■ REQUIRED ACTION
Return the line containing "Petershams Millinery Supplies" together with every later line up to the end of the records, exactly and with no pictures; return nothing else.

■ MATERIAL FOR THIS EXERCISE

------------------------------------------------

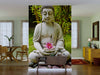 A serene living room showcases the "Buddha with Lotus and Bamboo Leaves Wall Mural," featuring a stone Buddha statue, pink lotus, and bamboo. Modern wooden furniture and green walls complete the peaceful, zen-inspired space.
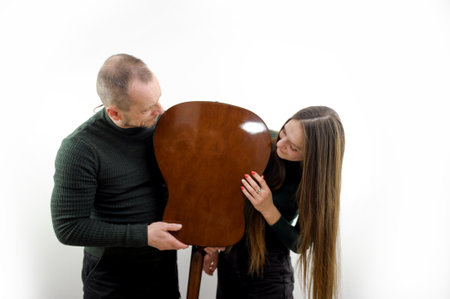 man and woman fooling around with a guitar turned it upside down talking leaning their chin on a...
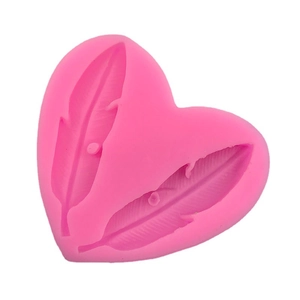 Pink heart-shaped silicone mold featuring two detailed feather patterns for cake decorating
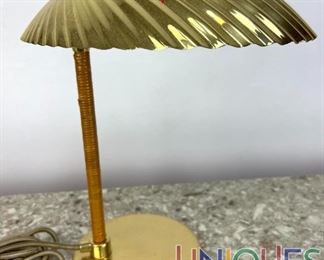 Lot 94 GUBI Paavo Tynell brass shell Table Lamp. Labeled.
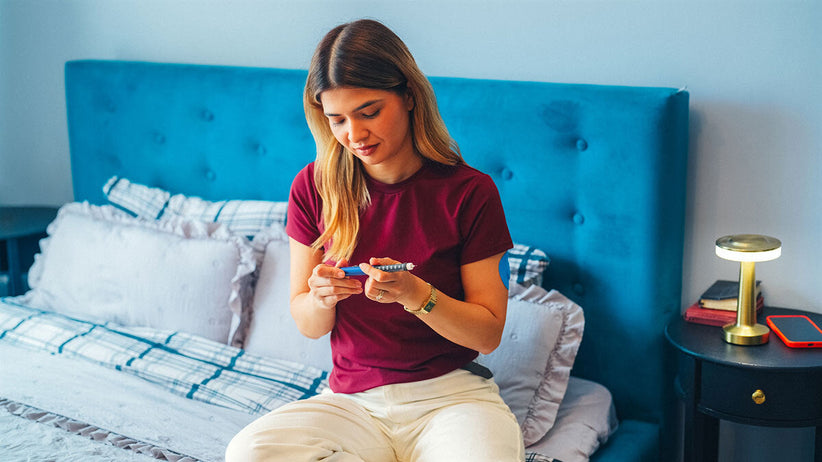 Young woman looking over a GLP-1 injection while sitting on bed at home.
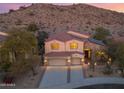 Beautiful two-story home with three-car garage and desert landscaping at sunset at 9867 S 182Nd Dr, Goodyear, AZ 85338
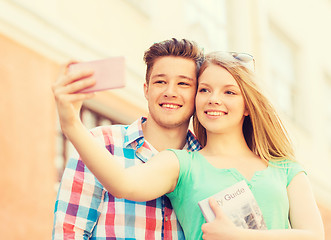 Image showing smiling couple with smartphone in city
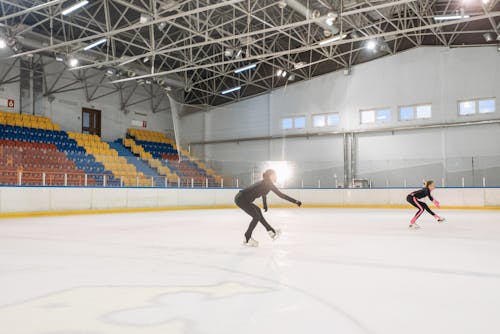 Young Women Practicing Figure Skating 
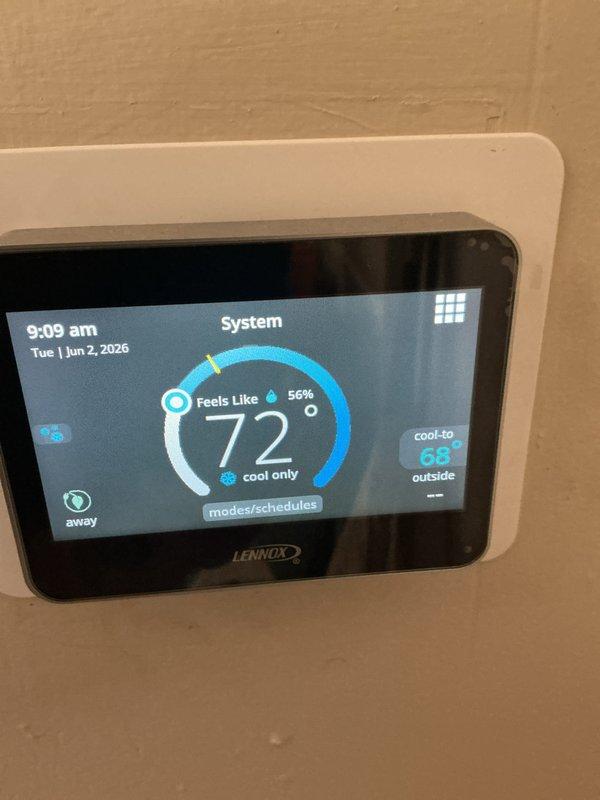 Completed comprehensive cooling tune-up on Lennox system per customer request due to frequent cycling concerns. Performed full system inspection including thermostat calibration verification, capacitor testing, electrical connection assessment, and refrigerant level evaluation. Thermostat operating properly at 72°F ambient with cooling setpoint of 68°F in cool-only mode. All electrical connections secure, capacitor within normal operating parameters, and wiring properly terminated throughout condensing unit. System cooling effectively with no immediate deficiencies noted during maintenance inspection.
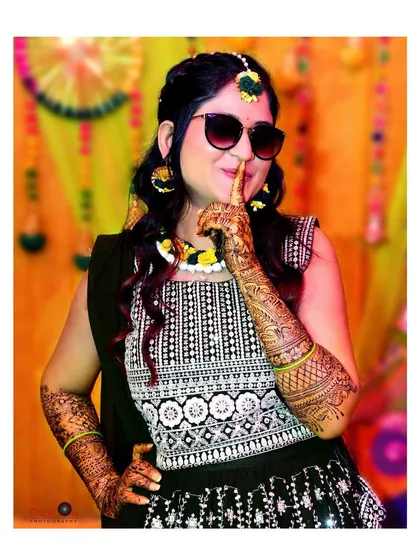 A stylish bride posing with sunglasses during her Mehndi function, adding a modern twist to a traditional event.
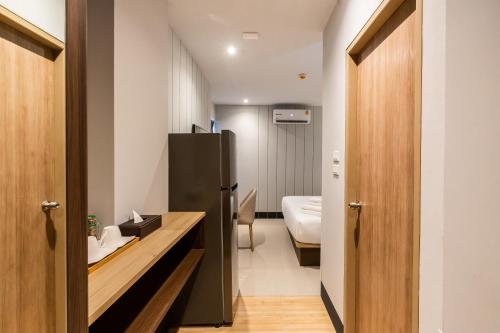 uma casa de banho com um frigorífico preto e um lavatório. em Hi Sotel - SHA Plus em Makkasan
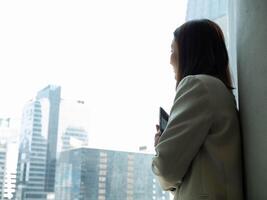 aussehen beim Fenster Geschäftsfrau weiblich Dame Mädchen Person Menschen Mensch Armkreuz Tablette Denken Idee Strategie Geschäft Kopieren Raum Treffen Technologie Arbeiten korporativ Büro Fachmann Manager Erfolg foto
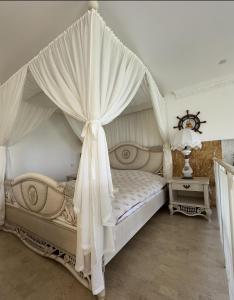 una camera da letto con letto a baldacchino con tende bianche di Маленький рай у моря a Odessa Altre 7 foto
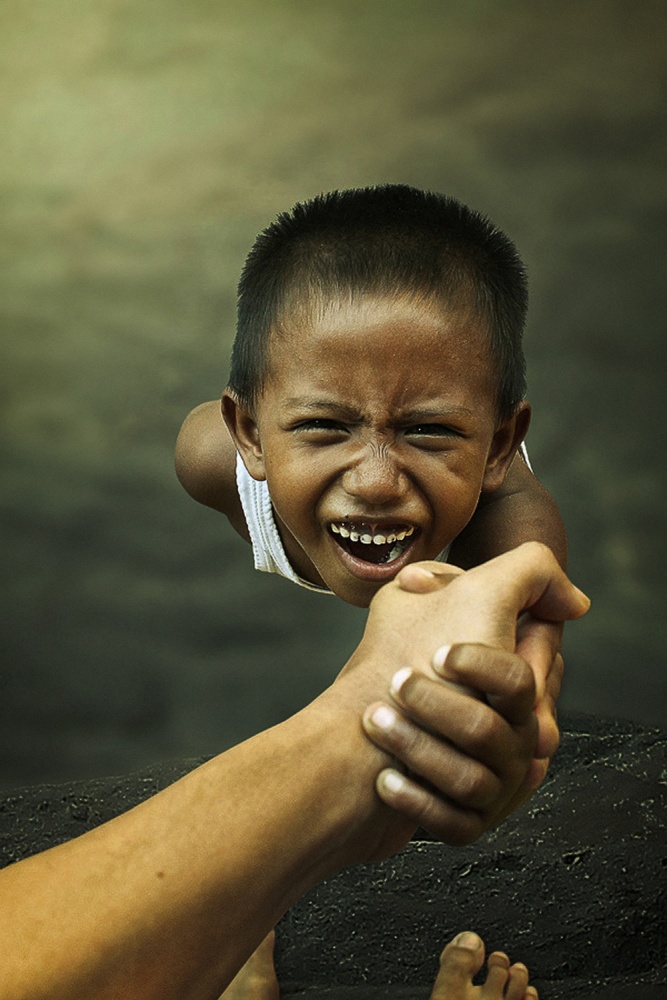 Desperate Child's Grip by Heru Sulistyono — canvas wall art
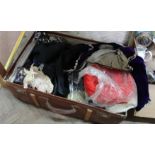 A trunk containing vintage clothing and hats etc including a mauve velvet childs waistcoat
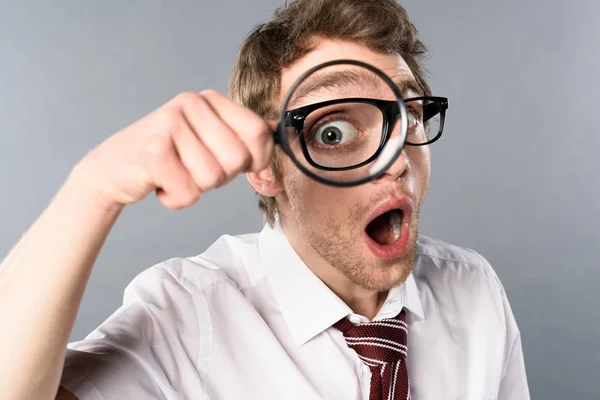 Empresário chocado em óculos com expressão facial engraçada olhando em lupa no fundo cinza — Fotografia de Stock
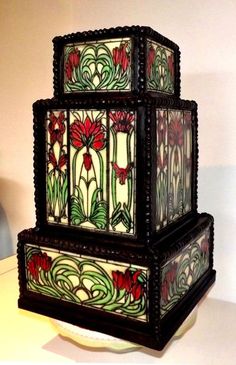 a three tiered stained glass vase sitting on top of a table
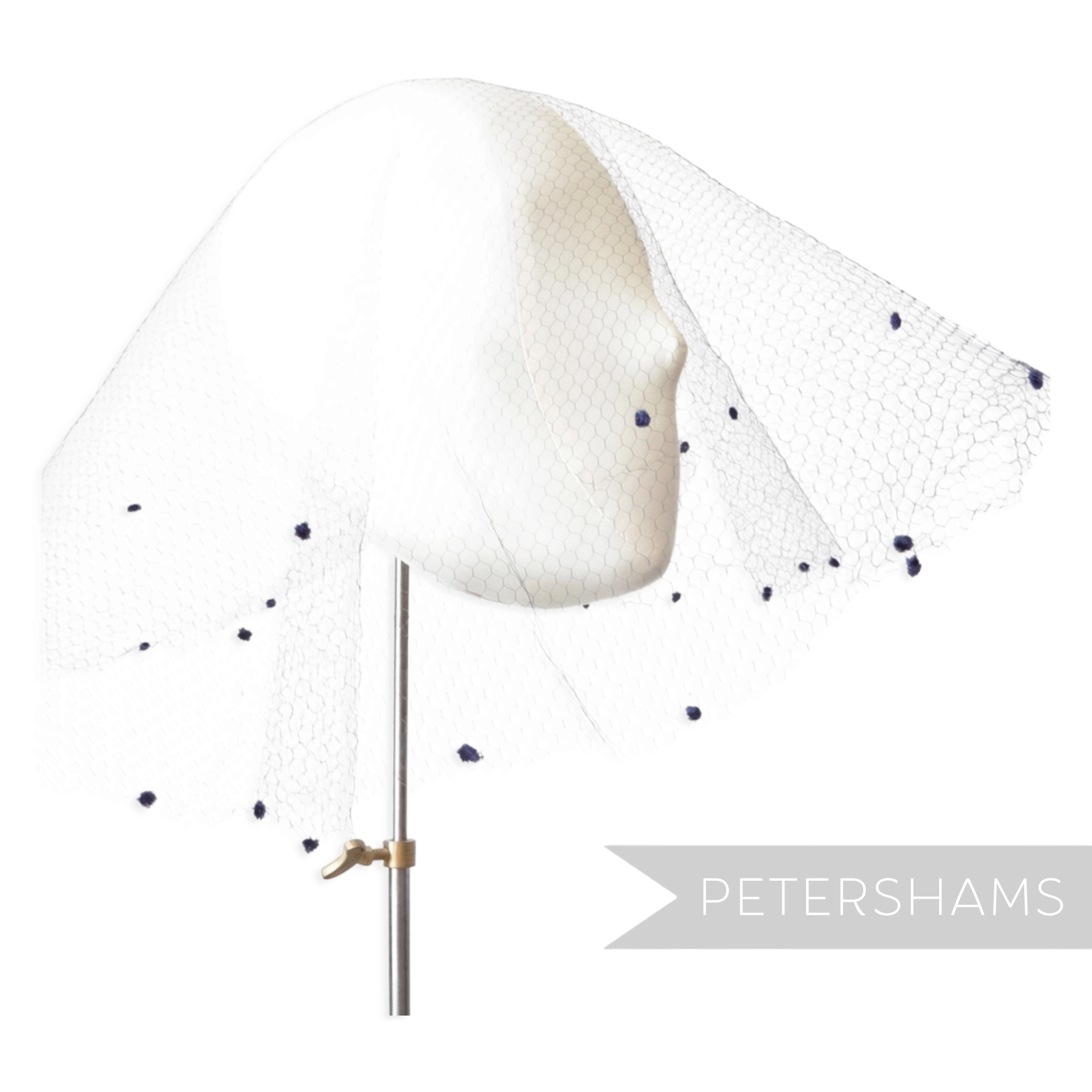 Petershams Millinery Supplies vintage 1930s honeycomb veiling round with double chenille dots draped on a mannequin head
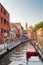 Venice, Italy. Ancient houses, moored boats along the canal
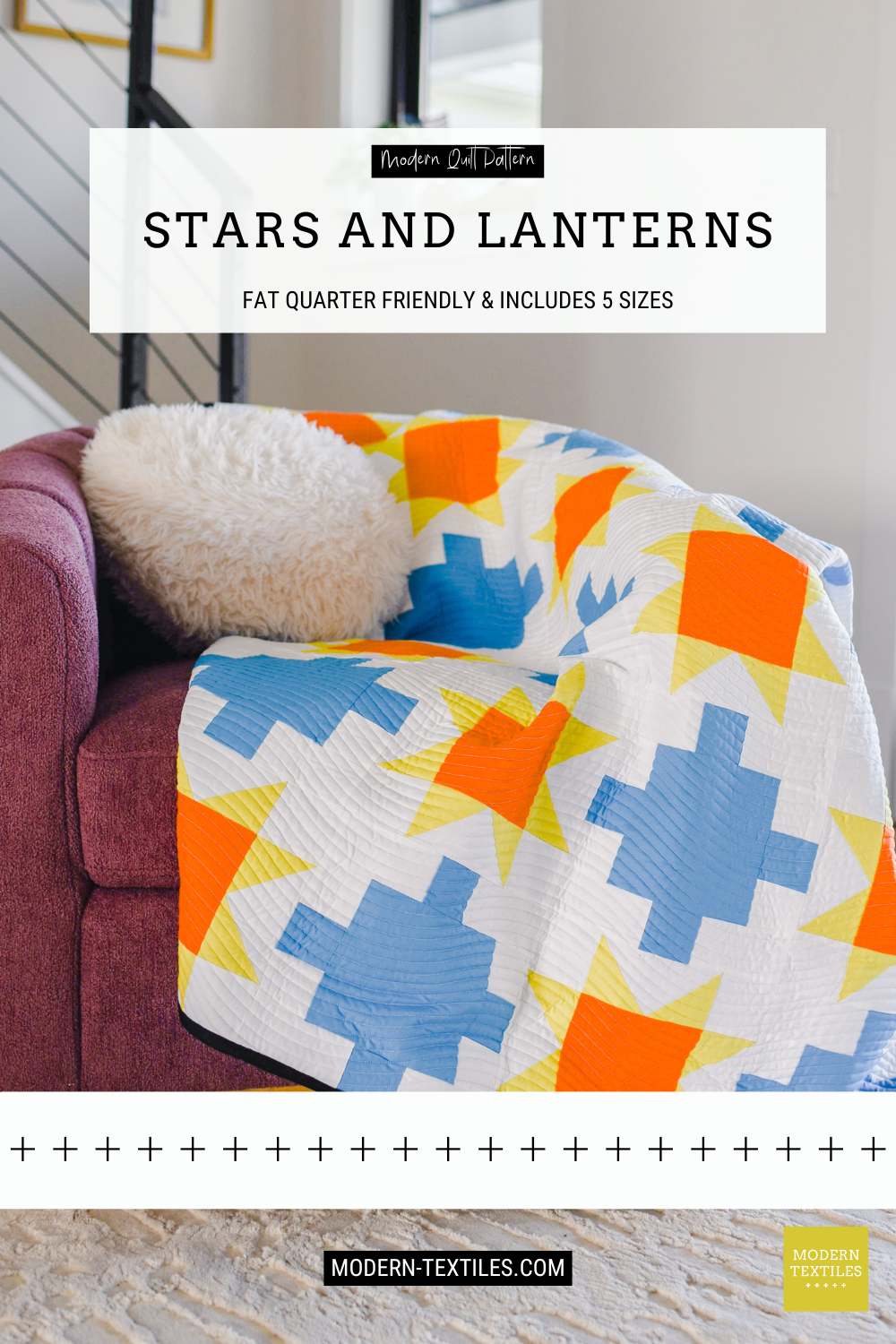 Close-up of blue patchwork quilt with sawtooth stars in orange and yellow-green with white background fabric and black binding fabric draped across maroon colored chair with white fluffy pillow on top of quilt. Text overlay reads: Modern Quilt Pattern, Stars and Lanterns, Fat Quarter Friendly & includes 5 sizes, modern-textiles.com.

------------------------------------------------

■ TASK RESULT
 Petershams Millinery Supplies vintage 1930s honeycomb veiling round with double chenille dots draped on a mannequin head
 Venice, Italy. Ancient houses, moored boats along the canal
 Close-up of blue patchwork quilt with sawtooth stars in orange and yellow-green with white background fabric and black binding fabric draped across maroon colored chair with white fluffy pillow on top of quilt. Text overlay reads: Modern Quilt Pattern, Stars and Lanterns, Fat Quarter Friendly & includes 5 sizes, modern-textiles.com.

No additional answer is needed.